IMF'ye göre BRICS, 2030 yılına kadar küresel gayri safi yurtiçi hasılanın yüzde 50'sini oluşturacak.

Bu, özellikle Çin'in grup ülkeleri içindeki büyük konumunu dikkate alarak dünya devletleri üzerindeki etkisini artıracak.

Buna göre, BRICS ülkelerinin ekonomisi politik bir öneme sahip olmaya devam ediyor.
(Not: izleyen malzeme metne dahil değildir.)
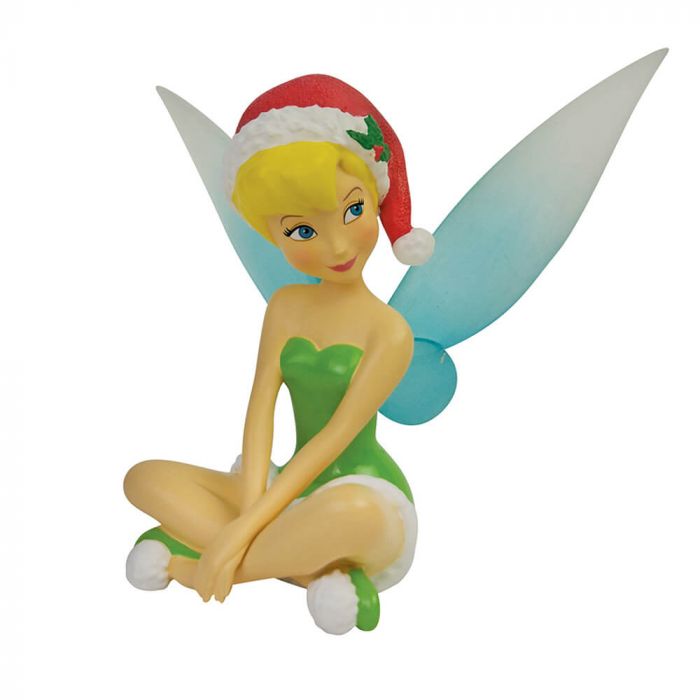Disney Christmas <br> Tinker Bell Holiday Mini Figurine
Başlangıçta, 2009'da uluslararası finans kurumlarında reform çağrısıydı.

On yıl sonra, "BRICS" bloğu, küresel ekonomik yönetim alanında yeni siyasi girişimler geliştirdi ve liderleri aracılığıyla, G20 zirvesinin oturum aralarında, ülke içindeki farklılıkların üstesinden gelmek için düzenli toplantılar yaptı.

Bu algı, "BRICS" bloğunun elinde bulunan çeşitli faktörler tarafından destekleniyor: Birincisi "BRICS" ülkeleri, küresel krizleri ABD'ye veya Avrupa Birliği'ne başvurmadan ortaklaşa ele alabilen bölgesel güçleri içeriyor.
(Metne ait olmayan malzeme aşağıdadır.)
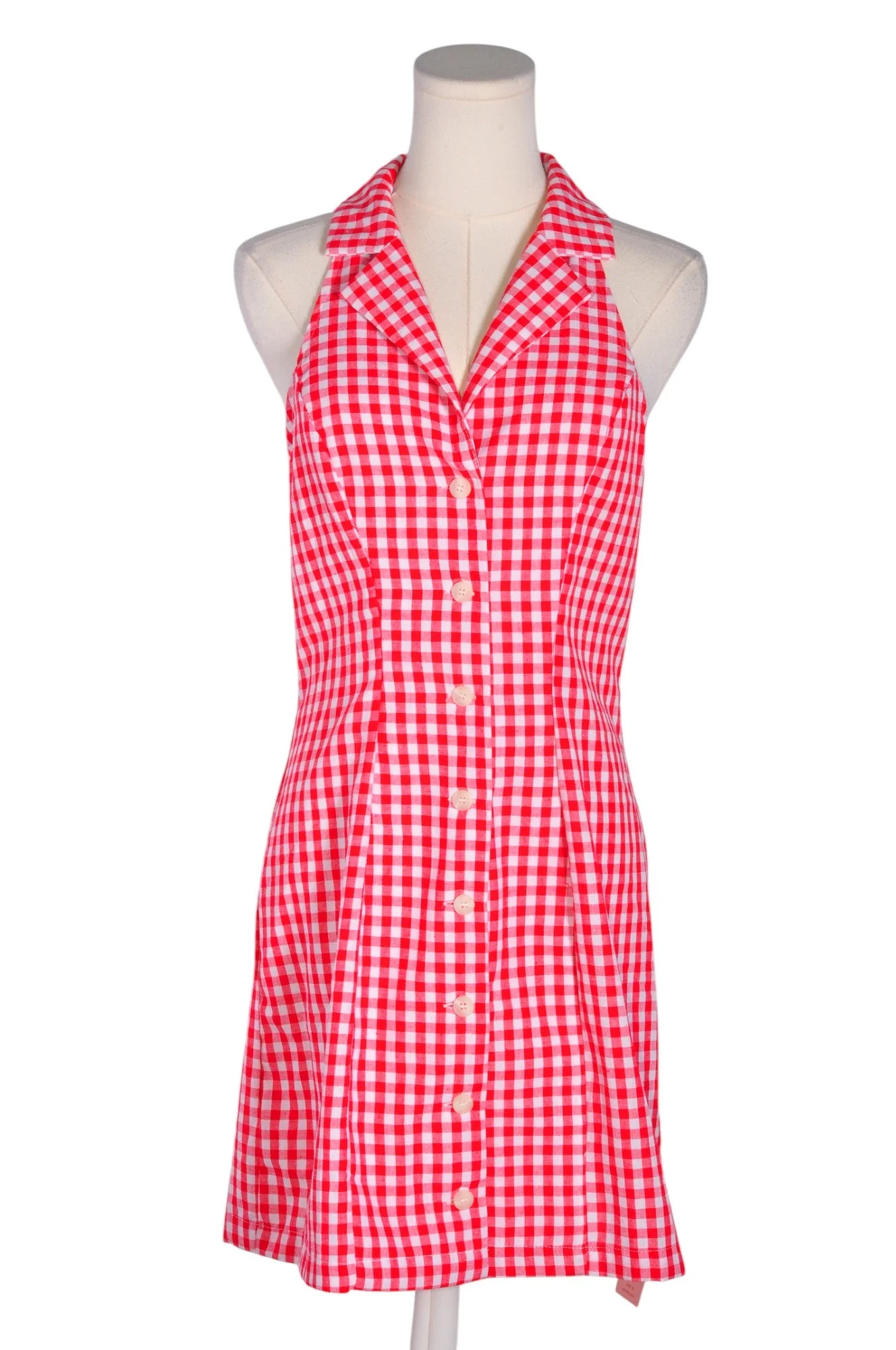 SHEIN Women Midi Dresses Regular fit in Red - M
"Kovid-19" krizi alternatif kurumlara, Dünya Sağlık Örgütü (WHO) gibi köklü uluslararası kuruluşlara güvenme fırsatı sağladı.

İkinci faktör, gayri resmi bir kurum olarak BRICS'in kurumsal bekasını artırmak için uluslararası kuruluşlara yetki devredebilmesidir.

Ülkeler BRICS ülkelerinin başkanlığını sırayla üstlenir ve örgütsel özellikler oluşturulana kadar periyodik toplantılar düzenler.

Üçüncü faktör ise, özellikle Çin'in grubu Amerikan hegemonyasından uzaklaştırma hevesiyle, BRICS bloğunun ülkeler ve uluslararası aktörler arasındaki sürekli gelişimi ve çok düzeyli iş birliğidir.


Genişlemenin zorlukları

Çin'in 'Şanghay İşbirliği Örgütü'nü Asya ve Avrasya'da yayma ve "BRICS" bloğunu genişletme çabalarına rağmen, karşı karşıya olduğu zorluklar var.

"Şanghay İşbirliği Örgütü" güvenlik ve ekonomi politikalarından bahsetmeye başladı ve bu yönde ilerlemesine rağmen Hindistan, Çin ve Rusya'nın çıkarlarını ve bölgesel nüfuzunu içeriyor.

Ayrıca, Pekin'in üye olduğu iki grup üzerinde baskın bir güç olarak görülmeden onlara liderlik etme çabasını da not etmek mümkün.

BRICS ülkelerinin ABD ekonomisine kurban gitmemesi için küresel ekonomi üzerindeki etkisiyle, başta ekonomi olmak üzere birçok cephede gelişmeye tanık olduğu bir dönemde, ABD'nin, blok ülkelerinin ağırlığının ve hırsının sömürülmesini sınırlayan ve bir güç dengesi sağlamada kurumsal ivmeden yararlanan tek kutuplu politikasını sürdürmek için mücadele ettiğini görüyoruz.

İç farklılıklarına rağmen iki grubun ülkeleri, tek bir bloğun üyeleri olarak tutarlı görünmektedir.

Ancak, "güney-güney" ilişkileri kurma ilkesi yaygın olarak uygulanırsa, kuzey ülkelerinin güneyle yaptığı gibi, zayıf taraflar üzerinde hegemonya kurma eğilimi ortaya çıkabilir, bu da bir ekonomik hegemonyanın bir başkasıyla değiştirilmesi anlamına gelir.